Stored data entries
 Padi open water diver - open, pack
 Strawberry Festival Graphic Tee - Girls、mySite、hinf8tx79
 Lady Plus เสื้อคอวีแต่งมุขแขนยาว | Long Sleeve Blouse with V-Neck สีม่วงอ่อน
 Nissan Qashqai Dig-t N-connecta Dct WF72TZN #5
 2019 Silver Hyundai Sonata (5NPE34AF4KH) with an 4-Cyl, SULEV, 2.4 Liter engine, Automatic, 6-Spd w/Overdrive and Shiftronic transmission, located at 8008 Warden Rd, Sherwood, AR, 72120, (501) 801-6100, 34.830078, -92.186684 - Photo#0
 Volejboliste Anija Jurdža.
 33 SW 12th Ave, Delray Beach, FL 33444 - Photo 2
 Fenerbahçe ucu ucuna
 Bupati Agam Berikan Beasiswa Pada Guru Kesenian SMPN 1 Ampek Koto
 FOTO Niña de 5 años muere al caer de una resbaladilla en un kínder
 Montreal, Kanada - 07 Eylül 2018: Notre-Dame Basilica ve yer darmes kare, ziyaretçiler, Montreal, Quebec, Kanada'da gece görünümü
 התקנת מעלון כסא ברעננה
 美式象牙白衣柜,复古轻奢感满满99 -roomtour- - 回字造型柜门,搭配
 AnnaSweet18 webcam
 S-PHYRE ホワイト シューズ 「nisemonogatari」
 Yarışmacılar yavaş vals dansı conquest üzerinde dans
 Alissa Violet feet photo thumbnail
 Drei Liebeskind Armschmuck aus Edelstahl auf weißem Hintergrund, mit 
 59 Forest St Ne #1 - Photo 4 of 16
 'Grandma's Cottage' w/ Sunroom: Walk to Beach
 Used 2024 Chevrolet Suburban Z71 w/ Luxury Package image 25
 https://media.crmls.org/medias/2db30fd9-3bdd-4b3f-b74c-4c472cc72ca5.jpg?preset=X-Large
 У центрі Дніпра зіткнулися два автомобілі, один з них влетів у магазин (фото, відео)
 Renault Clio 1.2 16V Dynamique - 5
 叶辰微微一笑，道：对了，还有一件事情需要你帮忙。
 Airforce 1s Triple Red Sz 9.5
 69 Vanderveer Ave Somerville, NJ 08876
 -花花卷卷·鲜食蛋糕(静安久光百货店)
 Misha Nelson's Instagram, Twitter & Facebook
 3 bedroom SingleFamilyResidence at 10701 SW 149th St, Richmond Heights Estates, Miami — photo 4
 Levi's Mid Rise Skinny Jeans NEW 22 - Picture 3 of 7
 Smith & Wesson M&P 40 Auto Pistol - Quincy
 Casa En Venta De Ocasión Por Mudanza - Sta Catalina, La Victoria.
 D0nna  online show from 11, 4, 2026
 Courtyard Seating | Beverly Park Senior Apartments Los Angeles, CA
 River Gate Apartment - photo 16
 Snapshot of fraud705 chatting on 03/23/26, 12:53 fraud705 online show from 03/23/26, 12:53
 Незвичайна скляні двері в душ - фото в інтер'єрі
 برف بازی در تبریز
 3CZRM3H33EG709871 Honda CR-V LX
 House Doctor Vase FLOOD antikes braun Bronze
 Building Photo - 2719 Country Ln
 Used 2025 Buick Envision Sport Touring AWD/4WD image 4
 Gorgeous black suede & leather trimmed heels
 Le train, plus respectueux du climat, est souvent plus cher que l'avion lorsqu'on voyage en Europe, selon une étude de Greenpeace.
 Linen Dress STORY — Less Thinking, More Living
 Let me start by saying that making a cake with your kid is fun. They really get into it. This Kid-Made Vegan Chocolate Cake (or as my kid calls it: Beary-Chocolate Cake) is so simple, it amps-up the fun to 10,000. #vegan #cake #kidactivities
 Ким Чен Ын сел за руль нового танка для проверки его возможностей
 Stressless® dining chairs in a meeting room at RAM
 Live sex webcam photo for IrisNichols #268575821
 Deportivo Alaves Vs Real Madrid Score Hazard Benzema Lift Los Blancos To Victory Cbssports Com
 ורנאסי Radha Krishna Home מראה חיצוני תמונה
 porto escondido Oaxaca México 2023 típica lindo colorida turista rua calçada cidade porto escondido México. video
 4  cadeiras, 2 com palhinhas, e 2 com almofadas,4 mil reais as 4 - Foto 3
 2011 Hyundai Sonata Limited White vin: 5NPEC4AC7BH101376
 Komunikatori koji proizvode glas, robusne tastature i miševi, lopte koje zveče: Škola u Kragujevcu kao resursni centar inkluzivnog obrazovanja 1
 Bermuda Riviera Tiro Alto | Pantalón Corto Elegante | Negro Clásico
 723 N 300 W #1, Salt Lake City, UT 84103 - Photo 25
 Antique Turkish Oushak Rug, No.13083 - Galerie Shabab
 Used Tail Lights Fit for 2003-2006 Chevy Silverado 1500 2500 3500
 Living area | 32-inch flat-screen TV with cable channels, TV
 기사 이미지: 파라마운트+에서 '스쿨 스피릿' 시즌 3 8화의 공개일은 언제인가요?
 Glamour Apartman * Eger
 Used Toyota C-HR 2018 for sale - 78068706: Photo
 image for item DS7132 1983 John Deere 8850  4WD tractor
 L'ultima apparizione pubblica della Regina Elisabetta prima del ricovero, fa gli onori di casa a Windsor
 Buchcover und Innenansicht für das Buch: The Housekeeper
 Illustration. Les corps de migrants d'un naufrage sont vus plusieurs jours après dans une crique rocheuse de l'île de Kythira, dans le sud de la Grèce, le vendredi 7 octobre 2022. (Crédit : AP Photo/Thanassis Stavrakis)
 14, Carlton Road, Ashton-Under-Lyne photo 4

# Directions for this task:
Copy out every line in the entries above that holds "from".

# Answer:
 D0nna  online show from 11, 4, 2026
 Snapshot of fraud705 chatting on 03/23/26, 12:53 fraud705 online show from 03/23/26, 12:53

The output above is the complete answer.